Options that come to mind: If you have the ability to alter the schema while preserving the current fields I would consider adding a computed column to the database for a DateTime equivalent to the timestamp. Barring that, using a View to source the data for this type of search/report which can provide the translated timestamp.
If you don't have the ability to adjust the schema, then things will get a bit trickier. When you say the timestamp can be milliseconds or datetime in a string, does that mean the value can be something like either "1435234353353" (ms since Date X) or "20190827151530" for 2019-08-27 3:15:30 PM? If that is the case, as long as the length of the 2 strings, however formatted, is different then you can potentially still query against the field, it just won't be ideal:
Assuming the date option formatting is "YYYYMMDDHHMMSS":
string lastExecutionDate = targetDate.ToString("yyyyMMddHHmmss");
string lastExecutionMs = targetDate.ToUniversalTime().Subtract(
new DateTime(1970, 1, 1, 0, 0, 0, DateTimeKind.Utc)

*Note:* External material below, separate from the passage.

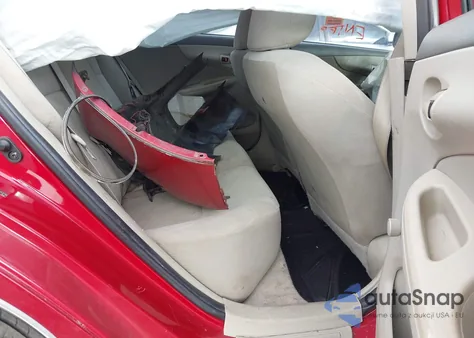 2009 Toyota Corolla из США, поврежденный, VIN 2T1BU40EX9C143718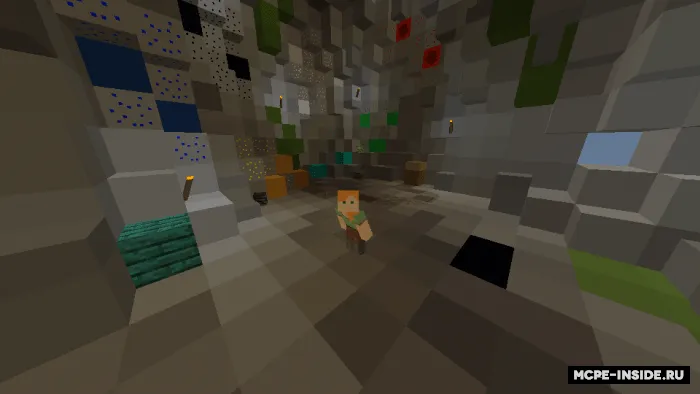 1x1 (FPS oshirish) — Minecraft tekstura, rasm 1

).TotalMilliseconds.ToString();
var terminalKeys = terminals.Keys.ToList(); // You probably cannot use ContainsKey in Linq2EF...
var sales = context.SALES
.Where(s => terminalKeys.Contains(s.SC_TERM)
&& ((s.SC_TIMESTAMP.Length == 14 && s.SC_TIMESTAMP.CompareTo(lastExecutionDate) > 0)

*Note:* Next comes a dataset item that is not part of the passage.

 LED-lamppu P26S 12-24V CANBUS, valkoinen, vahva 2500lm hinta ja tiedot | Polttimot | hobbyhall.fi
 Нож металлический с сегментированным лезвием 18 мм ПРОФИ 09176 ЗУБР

|| (s.SC_TIMESTAMP.Length != 14 && s.SC_TIMESTAMP.CompareTo(lastExecutionMs) > 0 )))
.Select(s =>
new Sale
{
Product = s.SC_PRDCT,
Terminal = s.SC_TERM,
Operator = s.MC_OP,
UnixString = s.SC_TIMESTAMP
}).ToList();
If the SC_TIMESTAMP column only stores the timestamps in ms, and the time/date are in separate columns, then you don't need the conditional, just format your target datetime to a timestamp string (ms since 1970-01-01) and use that.
string lastExecutionMs = targetDate.ToUniversalTime().Subtract(
new DateTime(1970, 1, 1, 0, 0, 0, DateTimeKind.Utc)
).TotalMilliseconds.ToString();
var terminalKeys = terminals.Keys.ToList(); // You probably cannot use ContainsKey in Linq2EF...
var sales = context.SALES
.Where(s => terminalKeys.Contains(s.SC_TERM)
&& s.SC_TIMESTAMP.CompareTo(lastExecutionMs) > 0)
.Select(s =>
new Sale
{
Product = s.SC_PRDCT,
Terminal = s.SC_TERM,
Operator = s.MC_OP,
UnixString = s.SC_TIMESTAMP
}).ToList();
The caveat for this to work with the ms or datetime in the same field is that if you require timestamp or datetime is that the datetime string must be an ISO format "year Month Day Time24" which is sortable, otherwise it cannot be used in a comparison.